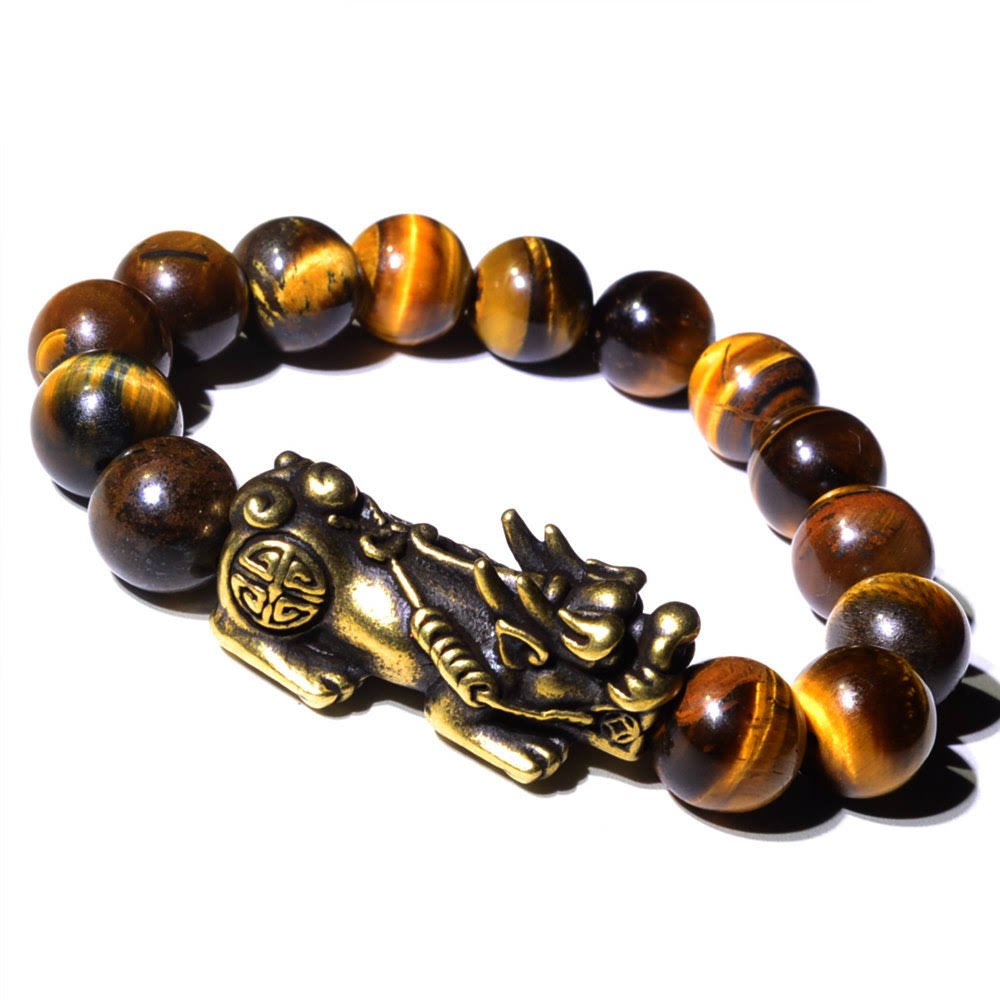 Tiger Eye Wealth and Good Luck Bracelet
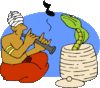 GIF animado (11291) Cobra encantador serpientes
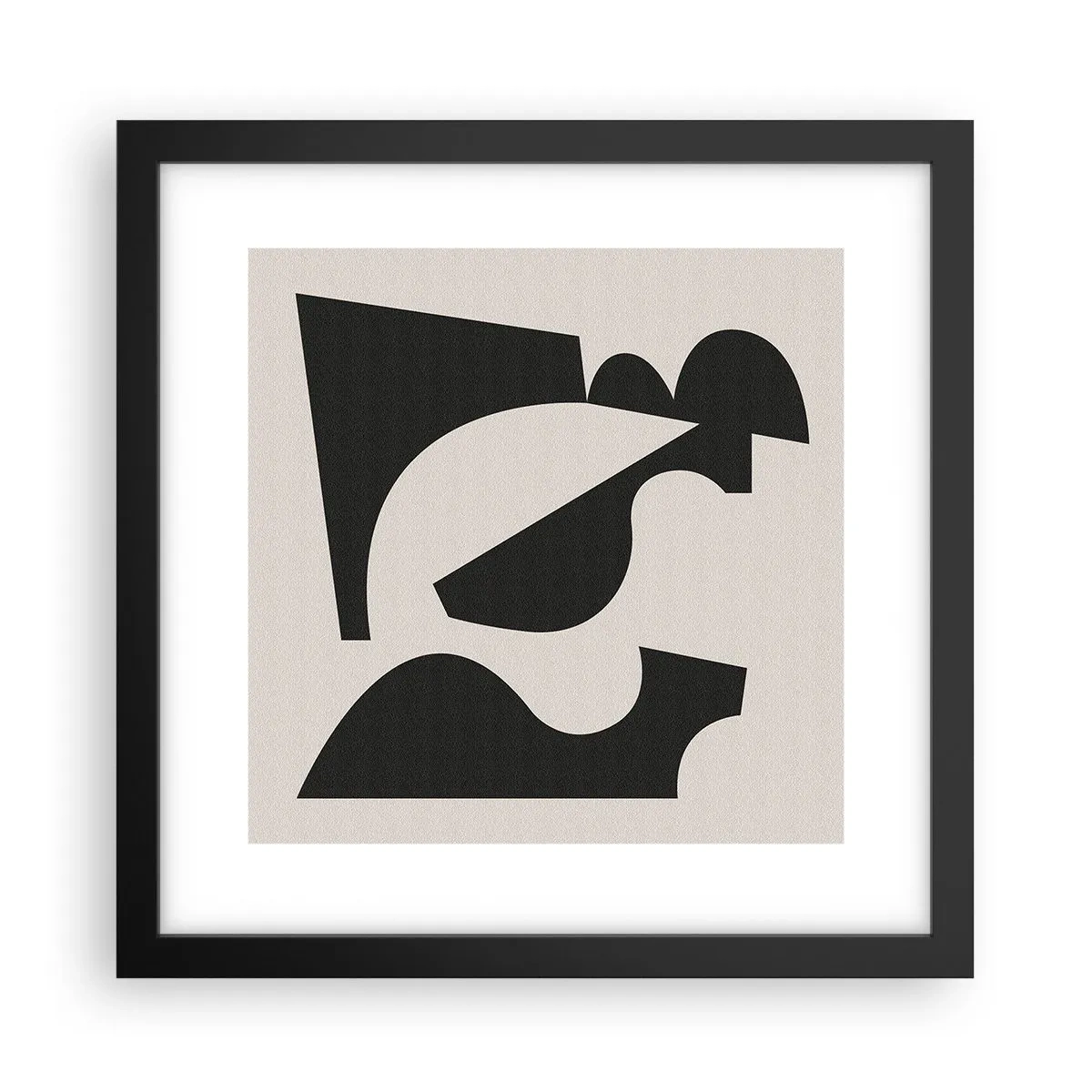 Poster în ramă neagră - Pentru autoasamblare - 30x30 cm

## Task brief
Only the lines from the one with "GIF animado (11291)" to the end of the listing, both ends included, should be retyped exactly; no pictures belong in the copy.

## Response
 GIF animado (11291) Cobra encantador serpientes
 Poster în ramă neagră - Pentru autoasamblare - 30x30 cm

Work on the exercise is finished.